For each line of the data below that holds "leather", copy the line.

Dataset entries
"""

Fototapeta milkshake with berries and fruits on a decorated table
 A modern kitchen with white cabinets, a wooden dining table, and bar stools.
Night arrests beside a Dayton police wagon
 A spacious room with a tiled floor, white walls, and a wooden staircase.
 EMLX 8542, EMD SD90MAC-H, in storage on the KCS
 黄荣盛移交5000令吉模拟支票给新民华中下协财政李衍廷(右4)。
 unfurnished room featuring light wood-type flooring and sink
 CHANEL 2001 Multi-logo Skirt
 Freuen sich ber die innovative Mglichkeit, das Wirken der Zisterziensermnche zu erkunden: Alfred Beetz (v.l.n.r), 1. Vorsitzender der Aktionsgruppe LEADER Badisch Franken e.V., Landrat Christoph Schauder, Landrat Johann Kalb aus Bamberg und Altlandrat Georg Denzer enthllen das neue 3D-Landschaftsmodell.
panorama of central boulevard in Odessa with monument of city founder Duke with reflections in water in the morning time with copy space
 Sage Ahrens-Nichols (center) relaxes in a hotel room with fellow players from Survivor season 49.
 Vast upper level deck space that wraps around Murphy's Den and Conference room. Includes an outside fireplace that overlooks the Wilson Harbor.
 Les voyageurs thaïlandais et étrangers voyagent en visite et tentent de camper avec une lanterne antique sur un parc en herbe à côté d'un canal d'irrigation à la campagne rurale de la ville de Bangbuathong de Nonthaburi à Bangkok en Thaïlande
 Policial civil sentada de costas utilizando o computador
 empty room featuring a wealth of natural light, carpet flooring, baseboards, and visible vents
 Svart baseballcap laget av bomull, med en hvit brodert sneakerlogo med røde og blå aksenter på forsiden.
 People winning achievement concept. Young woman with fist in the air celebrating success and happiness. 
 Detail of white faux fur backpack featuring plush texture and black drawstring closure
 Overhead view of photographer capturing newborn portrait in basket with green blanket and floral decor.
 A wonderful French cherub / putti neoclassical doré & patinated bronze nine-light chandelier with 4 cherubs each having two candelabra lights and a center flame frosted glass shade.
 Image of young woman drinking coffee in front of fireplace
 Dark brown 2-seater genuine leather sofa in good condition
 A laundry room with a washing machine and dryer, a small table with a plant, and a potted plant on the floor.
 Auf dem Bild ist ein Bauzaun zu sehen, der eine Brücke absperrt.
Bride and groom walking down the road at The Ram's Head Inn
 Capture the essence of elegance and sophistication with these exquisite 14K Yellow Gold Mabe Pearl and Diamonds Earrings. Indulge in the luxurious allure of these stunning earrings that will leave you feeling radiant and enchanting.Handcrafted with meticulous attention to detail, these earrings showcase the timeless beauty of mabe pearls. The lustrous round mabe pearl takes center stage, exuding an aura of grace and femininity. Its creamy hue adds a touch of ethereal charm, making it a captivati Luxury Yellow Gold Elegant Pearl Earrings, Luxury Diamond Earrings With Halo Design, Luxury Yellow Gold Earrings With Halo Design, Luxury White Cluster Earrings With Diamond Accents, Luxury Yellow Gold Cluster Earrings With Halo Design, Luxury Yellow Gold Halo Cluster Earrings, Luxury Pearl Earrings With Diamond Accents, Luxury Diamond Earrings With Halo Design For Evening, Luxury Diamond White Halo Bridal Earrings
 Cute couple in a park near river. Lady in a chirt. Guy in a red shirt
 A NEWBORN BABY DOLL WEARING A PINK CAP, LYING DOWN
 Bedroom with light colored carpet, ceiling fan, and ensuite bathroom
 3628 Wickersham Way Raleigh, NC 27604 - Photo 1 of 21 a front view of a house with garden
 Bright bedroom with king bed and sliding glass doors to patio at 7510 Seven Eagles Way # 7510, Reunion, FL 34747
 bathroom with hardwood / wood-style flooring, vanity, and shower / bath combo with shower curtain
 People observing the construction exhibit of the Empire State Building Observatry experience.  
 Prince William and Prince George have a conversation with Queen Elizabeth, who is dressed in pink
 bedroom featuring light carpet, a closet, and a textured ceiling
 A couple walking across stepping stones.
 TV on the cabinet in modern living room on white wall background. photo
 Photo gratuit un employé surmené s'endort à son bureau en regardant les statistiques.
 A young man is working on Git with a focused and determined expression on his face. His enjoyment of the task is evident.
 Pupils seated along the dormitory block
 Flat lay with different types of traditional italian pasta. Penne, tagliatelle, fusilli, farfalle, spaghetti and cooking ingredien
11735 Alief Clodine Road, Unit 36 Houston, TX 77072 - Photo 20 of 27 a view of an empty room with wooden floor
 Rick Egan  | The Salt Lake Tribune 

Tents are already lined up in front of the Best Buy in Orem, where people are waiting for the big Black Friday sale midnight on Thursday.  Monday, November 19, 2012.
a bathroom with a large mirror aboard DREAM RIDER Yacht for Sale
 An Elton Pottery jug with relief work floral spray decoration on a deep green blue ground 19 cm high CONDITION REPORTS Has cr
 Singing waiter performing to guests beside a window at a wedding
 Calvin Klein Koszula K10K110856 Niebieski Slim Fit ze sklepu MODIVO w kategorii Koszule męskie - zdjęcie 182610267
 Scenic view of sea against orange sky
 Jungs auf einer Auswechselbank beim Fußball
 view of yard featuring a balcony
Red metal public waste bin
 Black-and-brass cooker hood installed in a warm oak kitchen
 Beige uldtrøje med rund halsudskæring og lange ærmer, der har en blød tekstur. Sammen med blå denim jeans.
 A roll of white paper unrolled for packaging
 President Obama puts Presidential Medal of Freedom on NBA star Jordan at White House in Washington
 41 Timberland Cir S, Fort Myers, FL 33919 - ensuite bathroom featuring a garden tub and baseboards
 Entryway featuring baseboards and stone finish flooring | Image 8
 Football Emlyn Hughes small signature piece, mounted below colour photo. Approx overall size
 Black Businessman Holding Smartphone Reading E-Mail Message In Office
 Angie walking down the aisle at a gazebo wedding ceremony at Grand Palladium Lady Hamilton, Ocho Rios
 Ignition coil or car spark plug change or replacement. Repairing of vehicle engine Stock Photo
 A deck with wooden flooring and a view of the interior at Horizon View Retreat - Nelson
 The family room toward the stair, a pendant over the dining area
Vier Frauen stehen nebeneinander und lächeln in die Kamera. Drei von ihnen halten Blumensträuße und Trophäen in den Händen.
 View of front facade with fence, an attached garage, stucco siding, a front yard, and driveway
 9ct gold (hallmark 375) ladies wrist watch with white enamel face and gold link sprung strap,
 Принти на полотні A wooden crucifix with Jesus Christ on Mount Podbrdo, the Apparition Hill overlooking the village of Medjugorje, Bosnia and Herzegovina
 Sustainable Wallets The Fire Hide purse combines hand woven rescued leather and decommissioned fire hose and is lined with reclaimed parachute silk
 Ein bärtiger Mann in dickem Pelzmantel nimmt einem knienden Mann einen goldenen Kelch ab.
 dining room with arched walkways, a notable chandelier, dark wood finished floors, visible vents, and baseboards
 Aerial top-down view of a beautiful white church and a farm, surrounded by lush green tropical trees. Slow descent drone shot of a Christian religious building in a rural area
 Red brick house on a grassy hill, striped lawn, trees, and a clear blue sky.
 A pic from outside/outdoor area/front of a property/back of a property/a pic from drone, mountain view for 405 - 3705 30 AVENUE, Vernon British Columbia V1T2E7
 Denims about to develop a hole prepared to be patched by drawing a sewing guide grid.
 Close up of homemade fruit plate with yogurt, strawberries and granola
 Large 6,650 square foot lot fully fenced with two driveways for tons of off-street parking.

"""

> **Solved exercise**:
 Dark brown 2-seater genuine leather sofa in good condition
 Sustainable Wallets The Fire Hide purse combines hand woven rescued leather and decommissioned fire hose and is lined with reclaimed parachute silk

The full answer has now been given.